### Supplied information

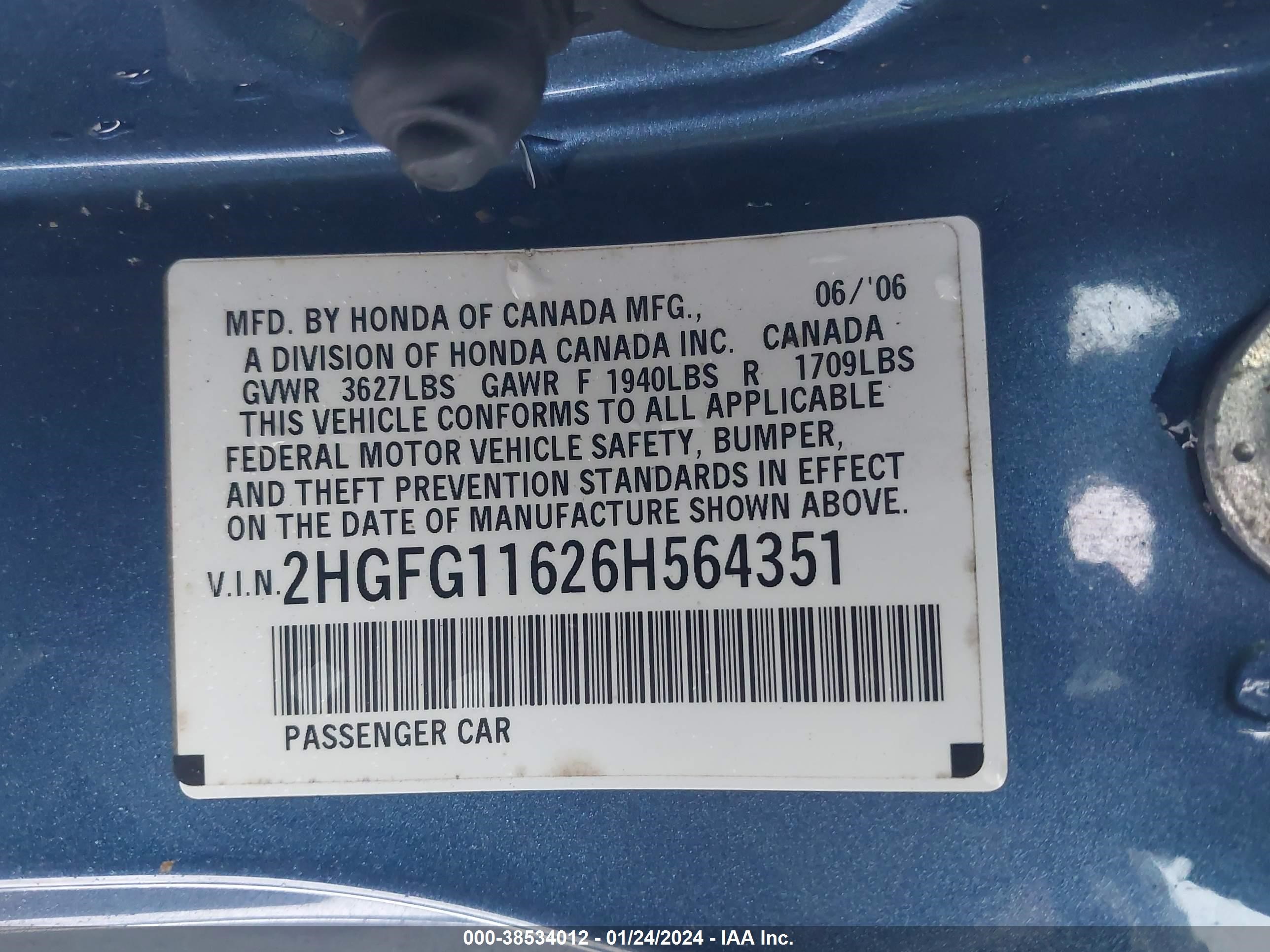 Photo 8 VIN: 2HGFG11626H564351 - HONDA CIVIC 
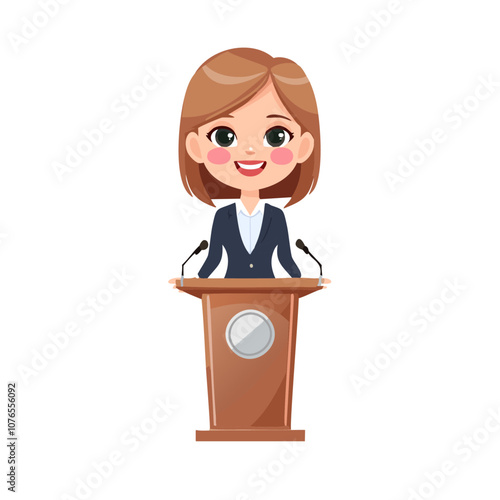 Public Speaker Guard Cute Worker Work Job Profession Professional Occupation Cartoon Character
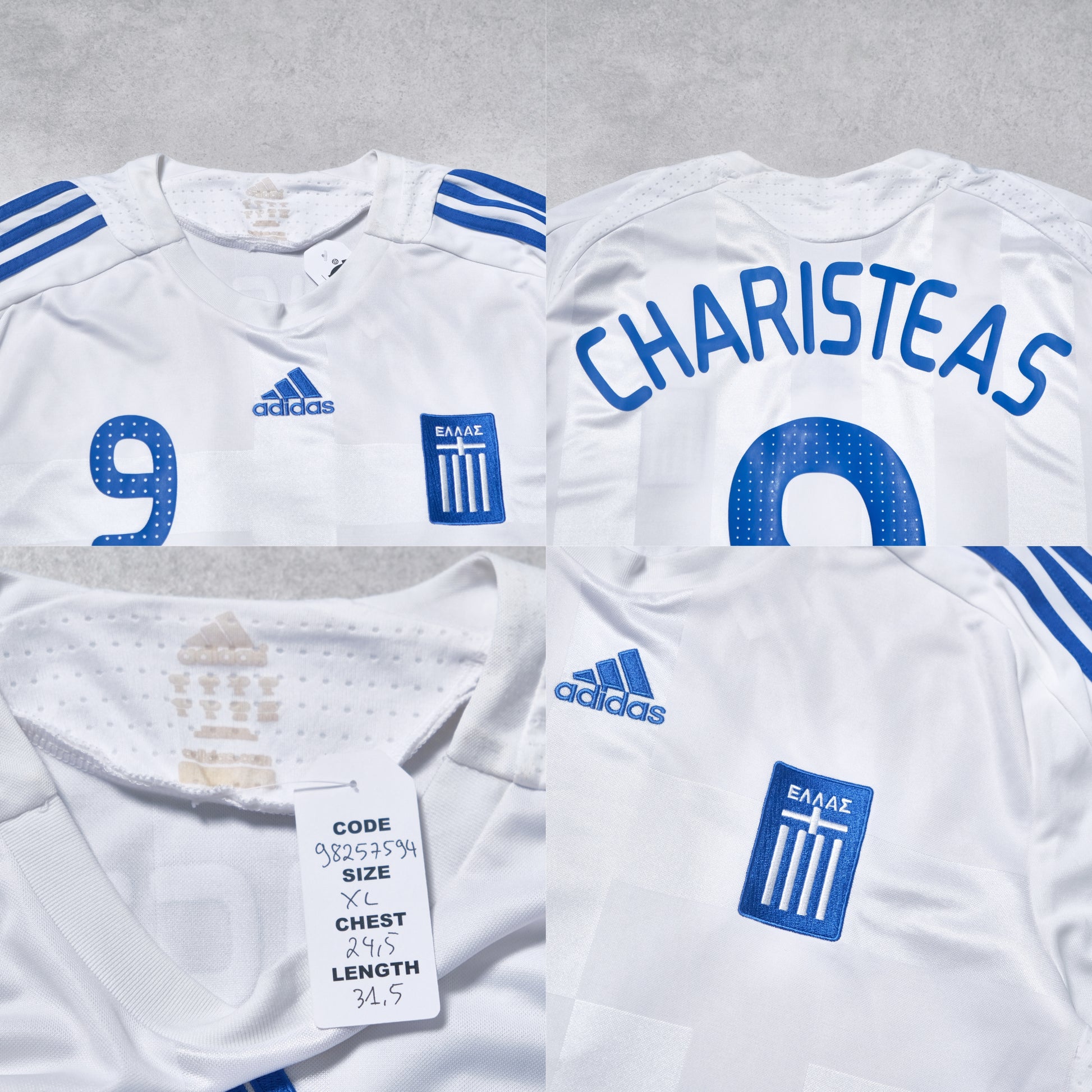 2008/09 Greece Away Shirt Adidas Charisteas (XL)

### What the task requires
Using the data above, print every line exactly, omitting pictures.

### Solution to this problem
 Photo 8 VIN: 2HGFG11626H564351 - HONDA CIVIC 
 Public Speaker Guard Cute Worker Work Job Profession Professional Occupation Cartoon Character
 2008/09 Greece Away Shirt Adidas Charisteas (XL)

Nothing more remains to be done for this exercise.